> _ASSIGNMENT_
An exact reprint of the listing is required, with no pictures included.
++++ COLLECTED DATA ++++
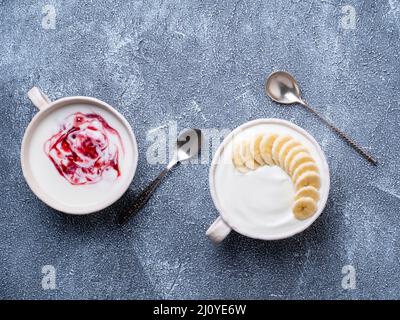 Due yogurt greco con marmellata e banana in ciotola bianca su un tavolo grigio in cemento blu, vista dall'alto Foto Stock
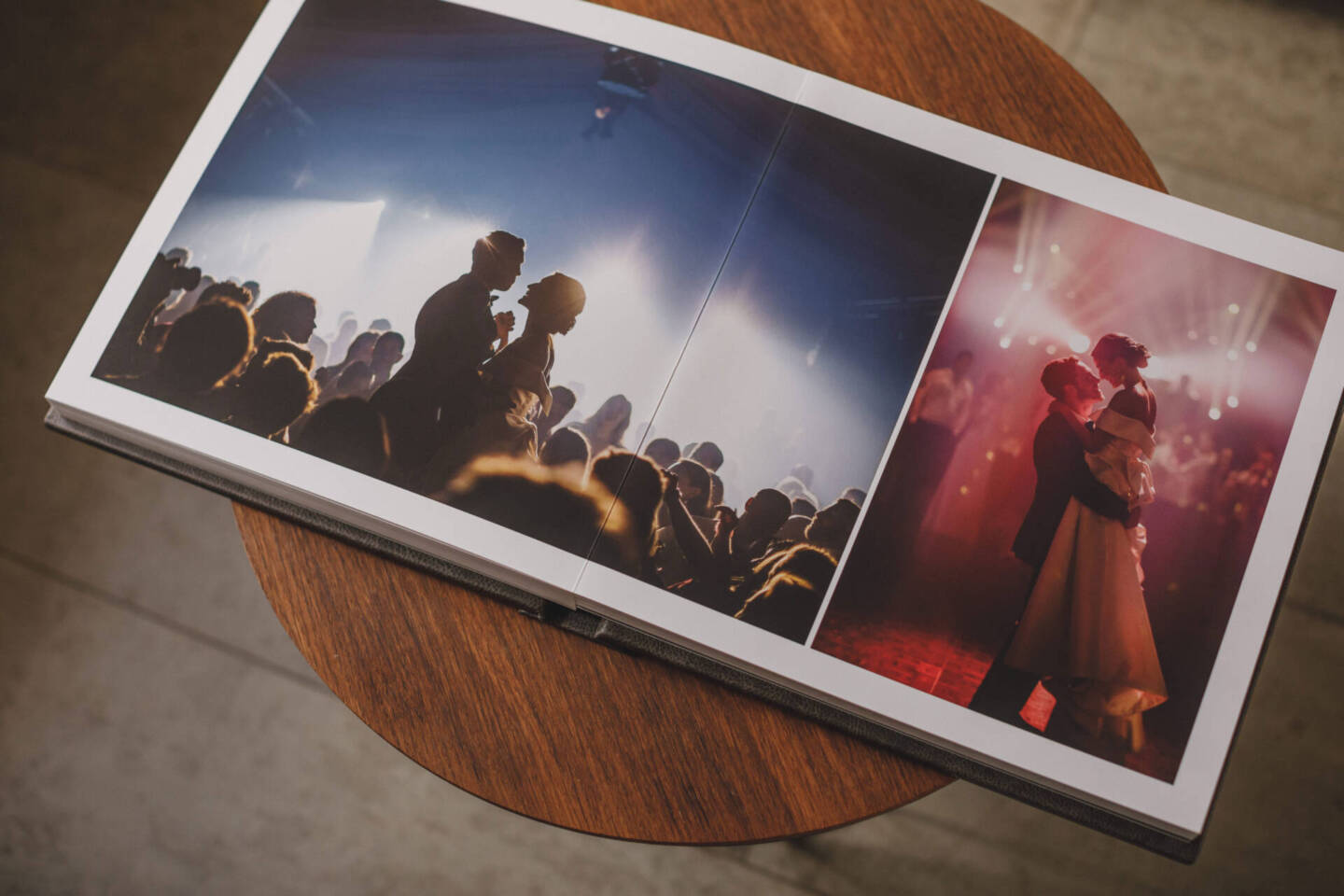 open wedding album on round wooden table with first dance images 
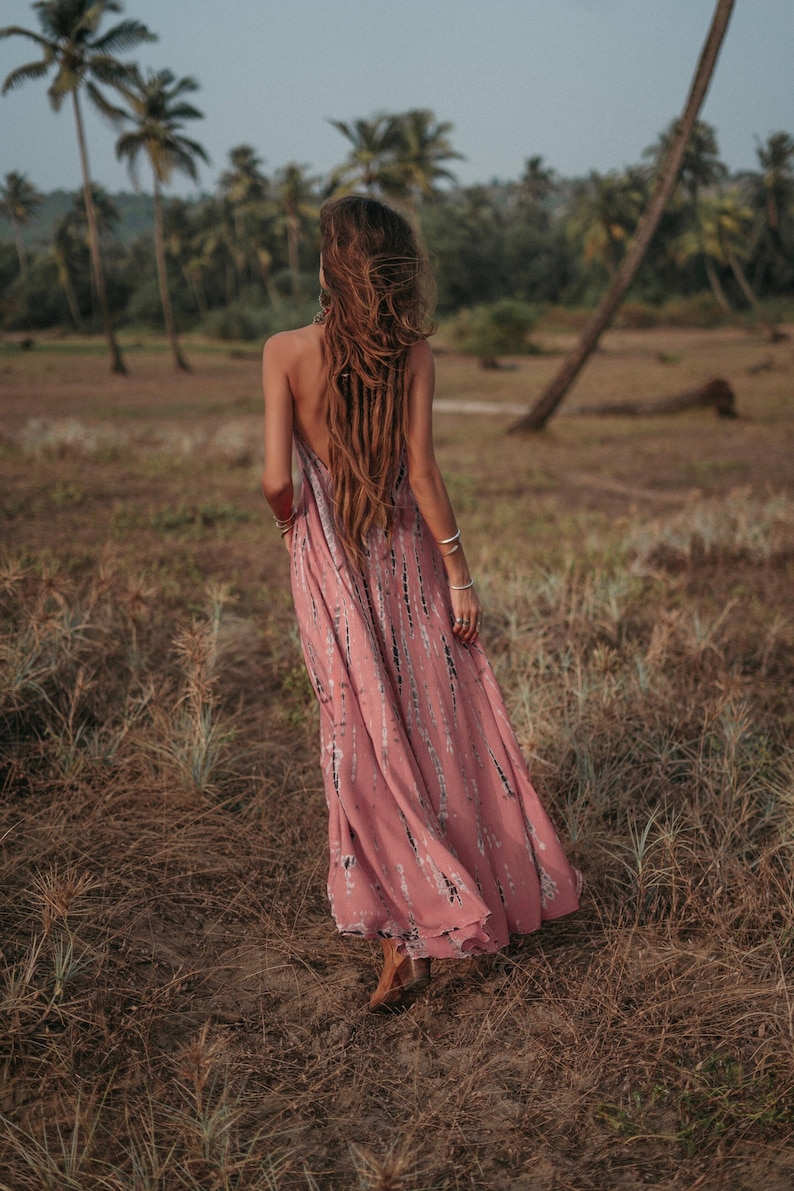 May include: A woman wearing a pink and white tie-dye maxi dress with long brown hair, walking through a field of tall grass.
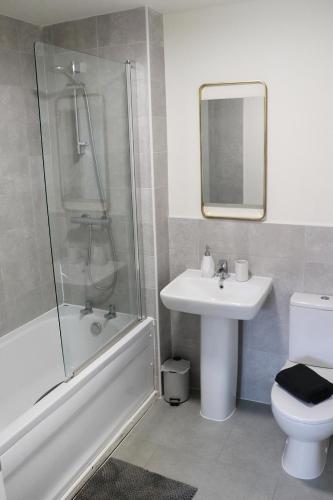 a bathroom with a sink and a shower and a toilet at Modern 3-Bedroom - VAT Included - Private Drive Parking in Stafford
++++
> _EXPECTED ANSWER_
 Due yogurt greco con marmellata e banana in ciotola bianca su un tavolo grigio in cemento blu, vista dall'alto Foto Stock
 open wedding album on round wooden table with first dance images 
 May include: A woman wearing a pink and white tie-dye maxi dress with long brown hair, walking through a field of tall grass.
 a bathroom with a sink and a shower and a toilet at Modern 3-Bedroom - VAT Included - Private Drive Parking in Stafford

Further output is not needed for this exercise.